I am using Beautiful Soup for the this Python app. Beautiful Soup is a Python library for parsing data out of HTML and XML files (aka webpages). It works with your favorite parser to provide idiomatic ways of navigating, searching, and modifying the parse tree.

The data I used came from Atlanta Hawks Roster. Reference: https://www.espn.com/nba/team/roster/_/name/atl/atlanta-hawks

Home Page

Methodology

Import Modules
Get the URL link
Navigate the URL Data Structure
Testing out data requests
Write data to a file in pseudo-code:
- Open up a file to write in and append data.
- Write headers
- Run for loop that will make it clean the HTML tags and add their values in an array results
- Run for loop that will write elements of the array to file
- When complete, close the file
The output file in CSV format.

Main goal

To access all of the content from the source code of the webpage with Python
Parse and extract data.
Save the info in CSV file for further analysis.

Data info extracted:

Name, POS ,Age ,HT ,WT ,College and Salary of Team Roster

Atlanta Hawks Roster

If you don’t have Beautiful Soup, install with ‘conda install beautifulsoup’ in terminal.

Python requires us to explicitly load the libraries that we want to use:

import requests
import bs4
import re
import pandas as pd

Load a webpage into python so that we can parse it and manipulate it.


URL = 'https://www.espn.com/nba/team/roster/_/name/atl/atlanta-hawks'

Control of Connection. We just turned the website code into a Python object.

response = requests.get(URL)
soup = bs4.BeautifulSoup(response.text, "html.parser")

Find all the tags with class city or number


data = soup.findAll(attrs={'class':['inline']})

Source Code HTML

Open new file, make sure path to your data file is correct.

Later, I write headers

f = open('hilca_nba_team_roster.csv','w') 
f.write("Name\tPos\tAge\tHT\tWT\tCollege\tSalary" + "\n")

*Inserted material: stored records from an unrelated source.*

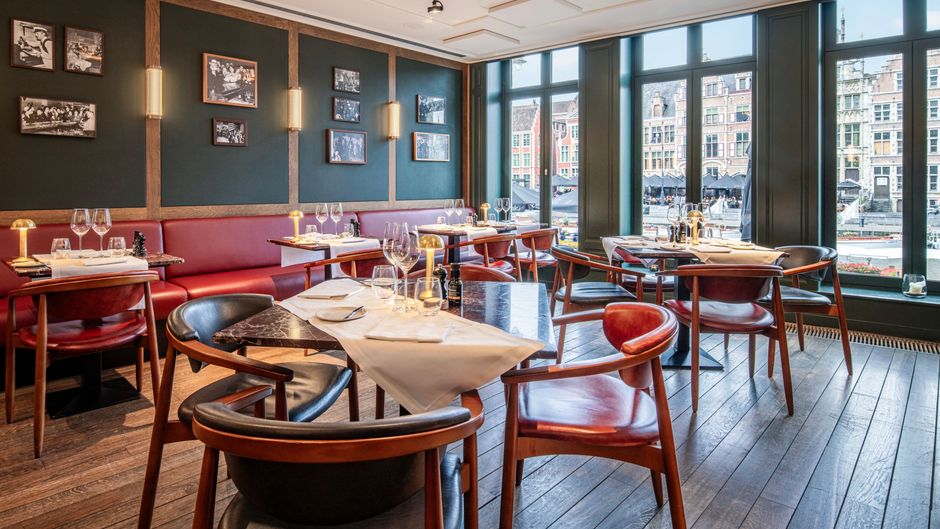Ghent Marriott Hotel Restaurant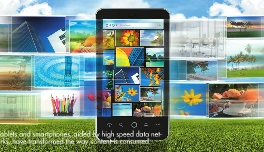 Mobile phones are becomin the primary medium for viewing online video content Mobile phones are becomin the primary medium for viewing online video content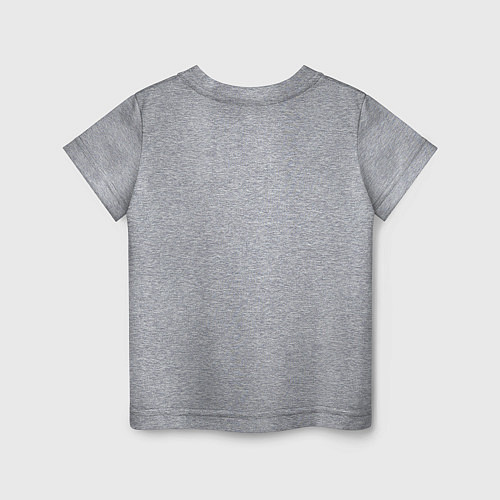 Детская футболка Смайл - Бакс / Меланж – фото 2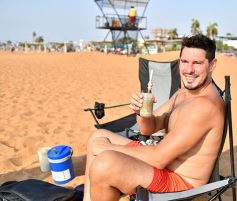 Foto de la galería: Verano a pleno en la playa El Brete de Posadas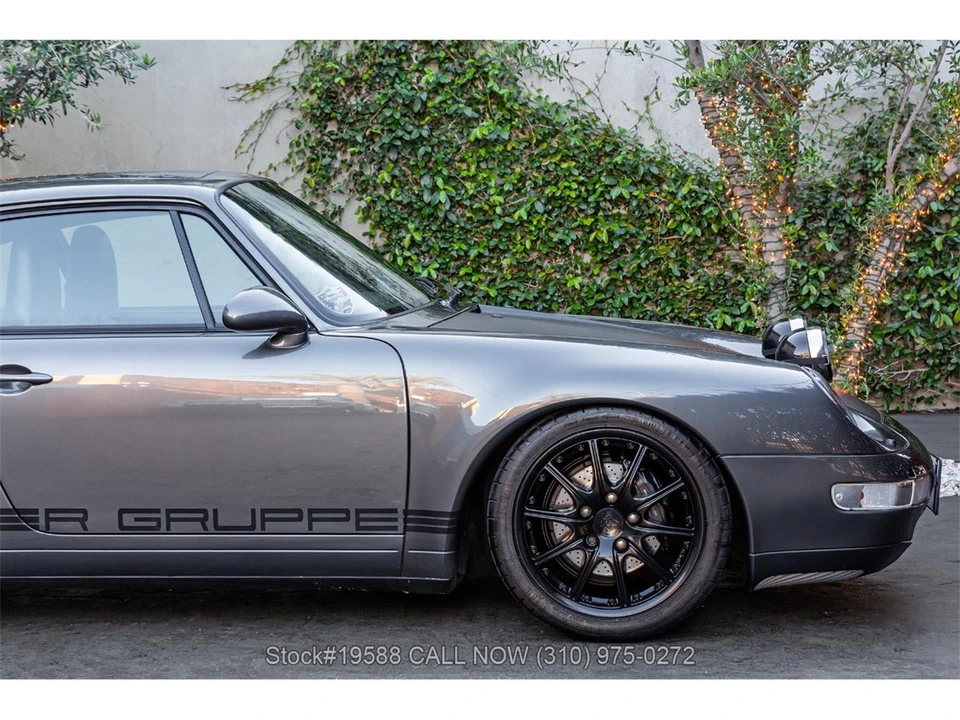 1996 Porsche 993 Carrera - Image 9 of 31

Clear HTML tag and assign to the array results

results = []
for element in data:
    TAG_RE = re.compile(r'<[^>]+>')
    text = TAG_RE.sub('', str(element))
    results.append(text)

i = 0
j = 0
for item in results:
    if not item:
        i = 0
        j = j + 1
        if j > 1: f.write("\n")
    else:
        i = i + 1
        if (i == 1): f.write(item + "\t") # write name and add tabulator
        if (i == 2): f.write(item + "\t") # write pos and add tabulator
        if (i == 3): f.write(item + "\t") # write age and add tabulator
        if (i == 4): f.write(item + "\t") # write ht and add tabulator
        if (i == 5): f.write(item + "\t") # write wt and add tabulator
        if (i == 6): f.write(item + "\t") # write college and add tabulator
        if (i == 7): f.write(item) # write salary and add tabulator

f.close() # close file

cvs data

Conclusiones

We used Beautiful Soup as the main tool. The major concept with Beautiful Soup is that it allows you to access elements of your page by following the CSS structures, such as grabbing all links, all headers, specific classes, or more. It is a powerful library.

Once we grab elements, Python makes it easy to write the elements or relevant components of the elements into other files, such as a CSV, that can be stored in a database or opened in other software.